Так их обоих и сфотографировали, но прежде чем уйти, без сопротивления вытащили из воды второго. Утонуть-то не утонет, а будет стоять в еще очень холодной ванне, пока мать придет. Вид у него был довольно удрученный, но спокойный: не вышло и не надо.
Птенцы камышницы. На обсохший берег небольшого прудика, зажатого двумя густыми лесополосами, камышница, водяная курочка, вывела семерых птенцов. Сама аспидно черная с красной лысинкой, а вокруг — семь пушистых черных шариков с алыми клювиками, чудом не наступая на собственные длиннющие пальцы, шустро склевывали что-то с потрескавшегося ила. Понемногу вся семья приближалась к кусту, сквозь листья которого я и следил за ней. Мать то и дело поднимала голову, оглядываясь настороженно, а пуховички в своей беспечности даже на нее не смотрели. А не подведет ли эта беспечность в опасный миг?
В два прыжка я стал на то место, с которого только что сошла камышница, и замер, стараясь не сделать больше ни движенья. Сигнал опасности я не слышал, но видел, как стремительно удирали в лесополосу вслед за матерью птенцы: ног под ними не было видно. Секунду они прошуршали сухой листвой, и — нигде ни звука.
Что-то заставило меня посмотреть себе под ноги. Прижавшись сбоку к черному ботинку, неподвижно лежал комочек черного пуха. Нагнувшись, я потрогал пушок. Ни гу-гу. Медленно отодвинул ногу, и птенец, чуть привстав на своих нескладных ножках, не перебежал, а скорее переполз следом и замер у каблука. Еще раз отодвинул — снова переполз. Я резко и широко шагнул в сторону, убрав от него защиту. В какой-то миг птенец, словно осознав свою оплошность, повернулся и пулей помчался к опушке. Добежав до первого дерева, прижался к корню в той же неподвижности.
Вот вы где! Я без труда нашел еще четверых и, отойдя подальше, стал следить за двумя. Время шло, а дисциплинированные цыплята не шевельнулись ни разу, пока мать не окликнула, зовя к себе. Тут же семь черных шариков отделились от подножий кленов и покатились на ее зов.

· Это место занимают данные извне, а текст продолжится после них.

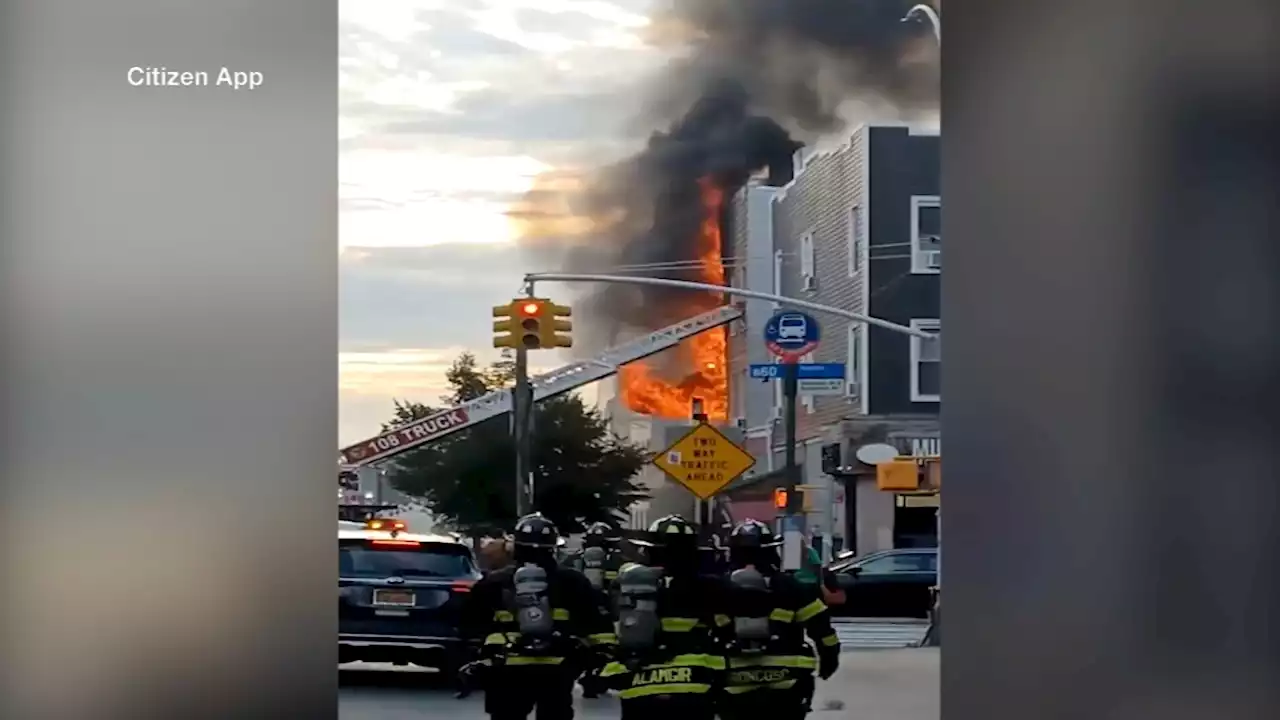 Fire tears through 3-story building, spreads to neighboring structure in NYC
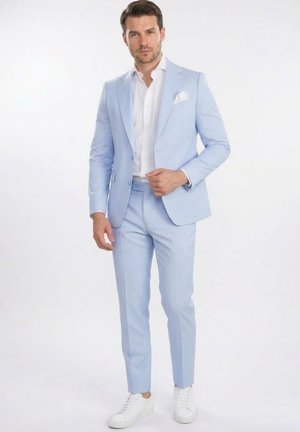 Hombre con traje azul claro, camisa blanca y zapatillas blancas, de pie frente a un fondo blanco.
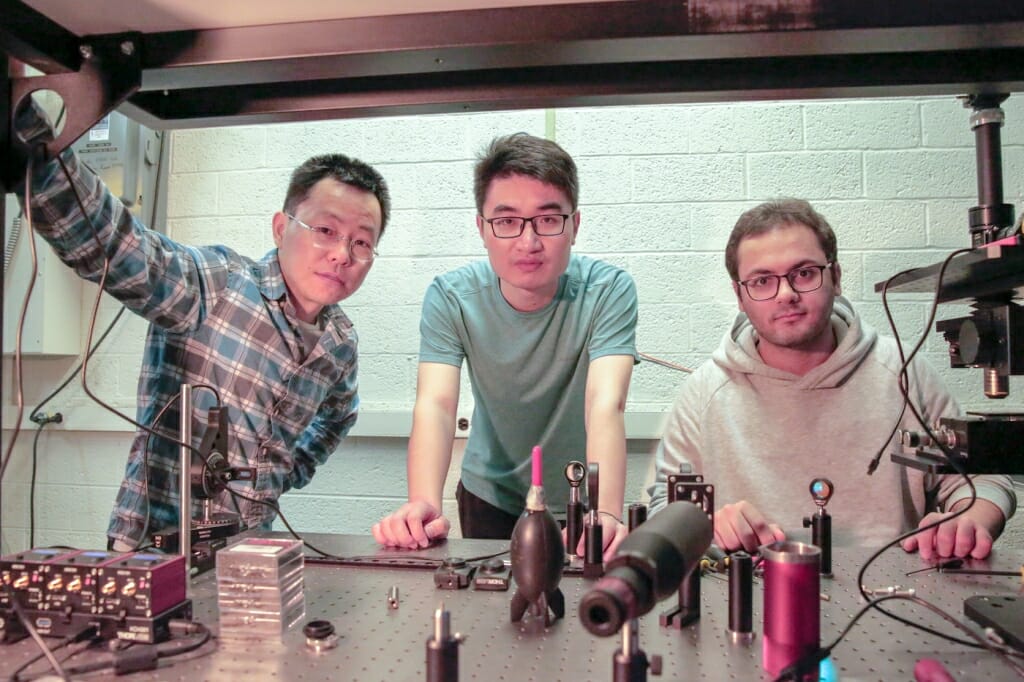 Photo: Three researchers gather in a lab.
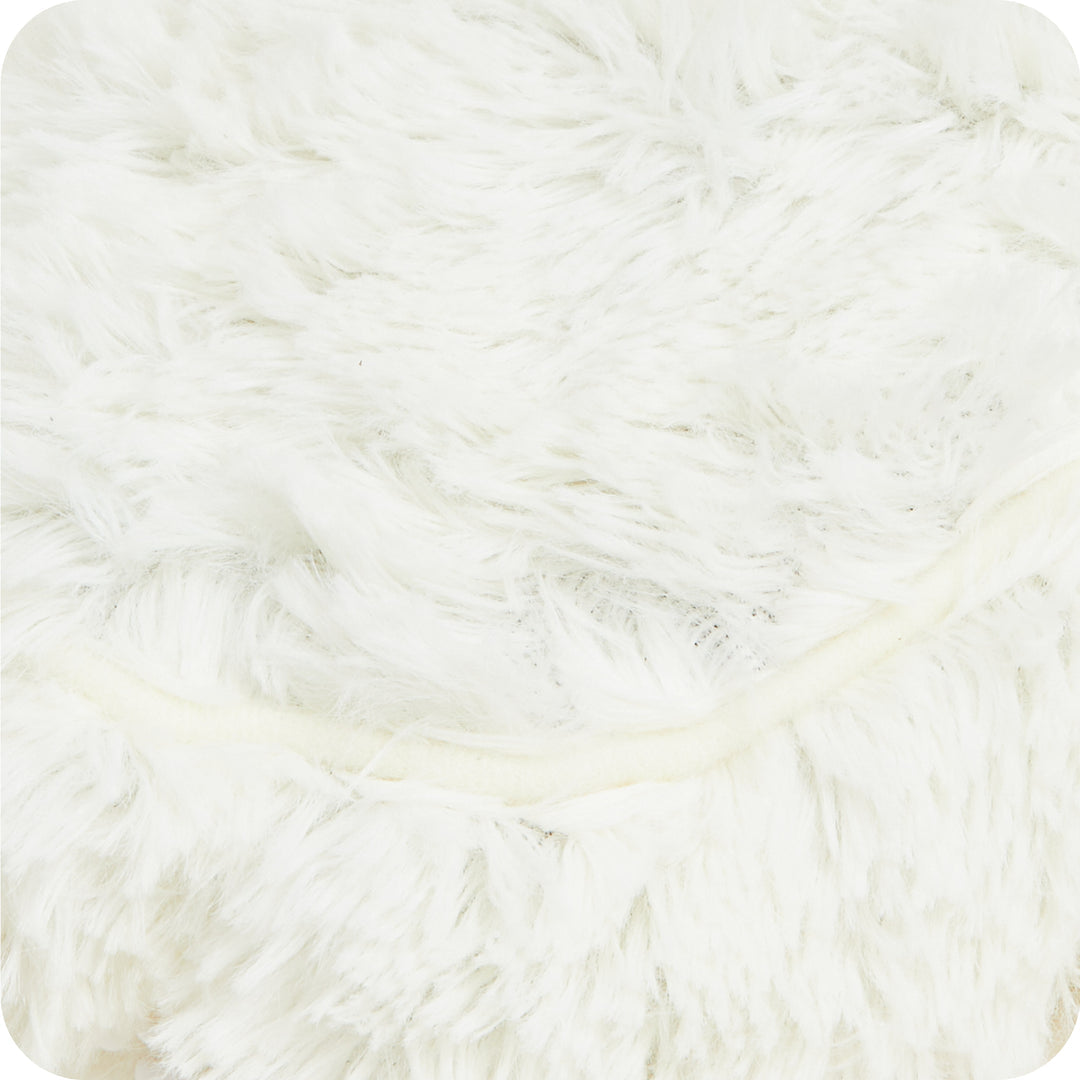 Warmies plush close-up — cream fur texture and lavender-scented filling detail on microwavable slippers.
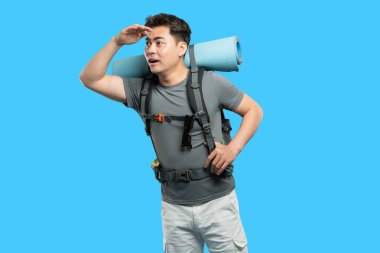 Yürüyüşçü, parlak mavi bir arka planda sırt çantası ve kargo şortuyla gözlerini koruyor.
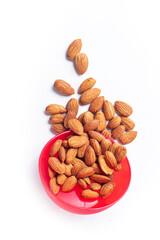 Falling almond isolated on white background with clipping path. Healthy food concept.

Волчок. Маленькая, рыжевато-бурая цапелька, вытянувшись в струнку и прижав перо, раскачивалась вместе с камышиной, на которой сидела, цепко обхватив стебель длинными пальцами. Она даже не мигнула, не вздрогнула, когда кончик удилища коснулся ее спины. Но когда я подобрался к ней вплотную и стал смотреть, не спуская глаз, птица поняла, что она обнаружена, и сменила тактику. Неуловимо как-то она вдруг превратилась в комок взъерошенных перьев, потом снова вытянула шею и опустила оба крыла, потом последовала новая смена поз, одна необычнее другой. Птенец уже не скрывался, он пугал, применяя весь арсенал врожденных приемов. На его ужимки нельзя было смотреть без смеха, и я хохотал. А он все так же серьезно и сосредоточенно вытягивался, приседал, съеживался и наклонялся, пока я не отвел лодку в сторону. А когда снова посмотрел на то же место, то едва отыскал его: подняв торчком клюв, он сидел в прежней неподвижной позе.